On my Samsung Galaxy S2 using Opera mobile browser there is no problem.

Maybe an iOS problem if you've only tried Mac. I'll try windows when I get home.


----------



## worky (Dec 30, 2005)

running Windows 8 and IE getting the same, I'll just have to swop van for boat I guess  

Clyde


----------



## Harrers (Dec 21, 2011)

Further to my earlier post, have now tried laptop using windows vista and desktop on win xp. The following results were:

win xp
Chrome X
Internet explorer ok
Firefox X

Win Vista
Chrome X
Firefox X
Internet Explorer ok
Safari X
Opera ok

I've no idea why some browsers work ok and some don't. Hopefully an "expert" will come on here and explain!


----------



## Harrers (Dec 21, 2011)

Clyde, just wondering if you are seeing a few in the sea or all of them. I've noticed that even where the map "works correctly" some near the coast are in the sea as there isn't enough room to place them on land.

Where the map doesn't work they're all in the sea!

If you look at France and then click on an inland Department the "sanistations" are all in the next Department. Eg. Try 16 Charente.


----------



## subfiver (Oct 15, 2011)

Just tried Opera on OS X 10.8.5 with more or less the same results.
Certainly for Portugal, some French Depts seem to display OK.
Bummeration!


----------



## worky (Dec 30, 2005)

Harrers said:


> Clyde, just wondering if you are seeing a few in the sea or all of them. I've noticed that even where the map "works correctly" some near the coast are in the sea as there isn't enough room to place them on land.
> 
> Where the map doesn't work they're all in the sea!
> 
> If you look at France and then click on an inland Department the "sanistations" are all in the next Department. Eg. Try 16 Charente.


hya - just checked again and the Portugese ones are all in the sea, Spanish ones are all in the north and only checked one French Departement and they were in a neighbouring Dept

Clyde


----------



## Harrers (Dec 21, 2011)

OK thanks for that. It would seem that the website map works on Internet Explorer on Win XP and Vista but not on Win 8.
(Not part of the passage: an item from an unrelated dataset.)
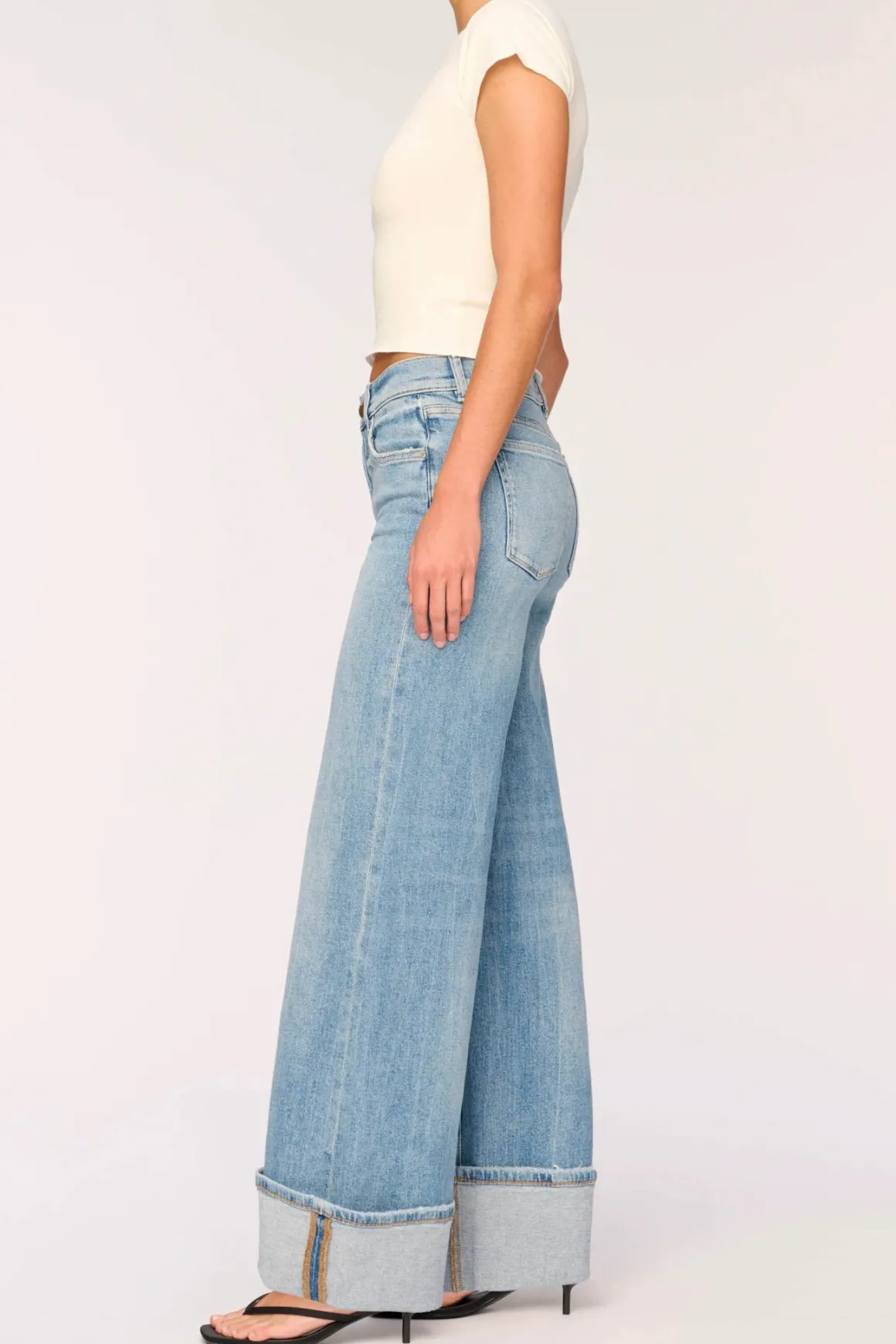 dl_hepburn_wide_leg_cuffe_1.webp DL1961 Hepburn Wide Leg Cuffed Jeans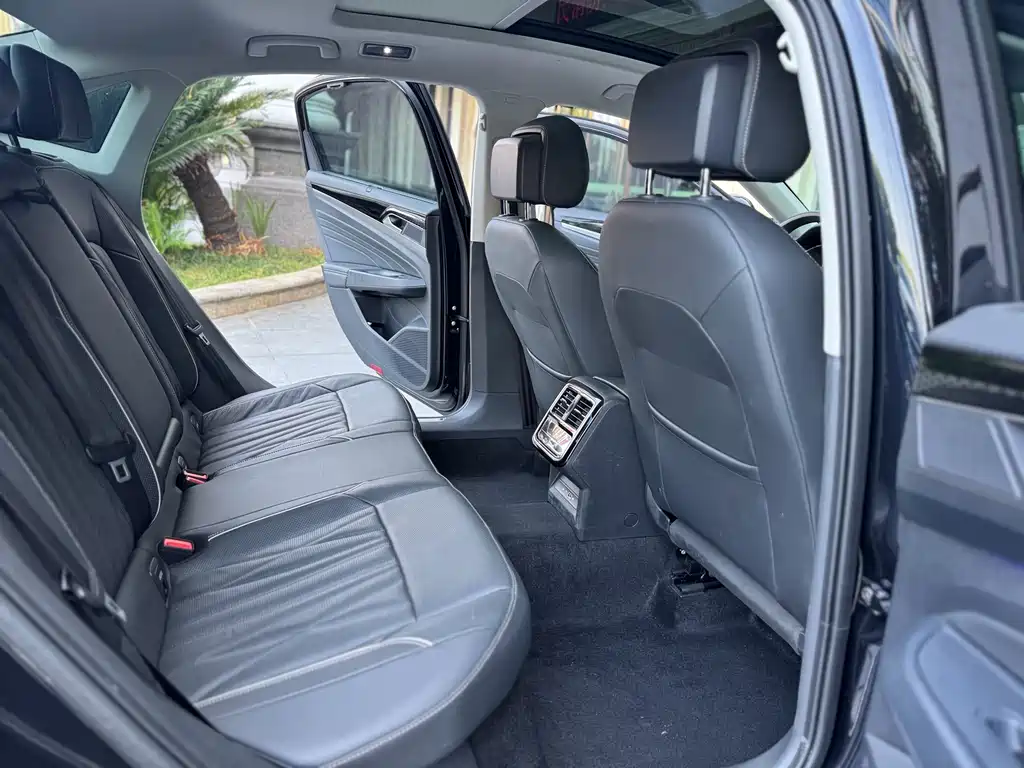 Volkswagen Passat — фото 7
There doesn't appear to be any way of contacting the website for assistance. I've registered for a bi-monthly newsletter so may then get a contact. I see there's a link to MHF on there and others.


----------



## subfiver (Oct 15, 2011)

Harrers said:


> There doesn't appear to be any way of contacting the website for assistance


I did a whois lookup on the domain registration and emailed the contacts listed there ....


----------



## subfiver (Oct 15, 2011)

The plot thickens ...

Went to http://www.mylpg.eu/stations/portugal and was astonished to find all the lpg stations were to the north of Lisbon. Vicarious guide indicates there's one in Faro. Zoomed the map out and the stations redistributed over the map. Once in the right place zooming in and out doesn't affect the positions.

eurocampingcar.com doesn't have zoom functionality


----------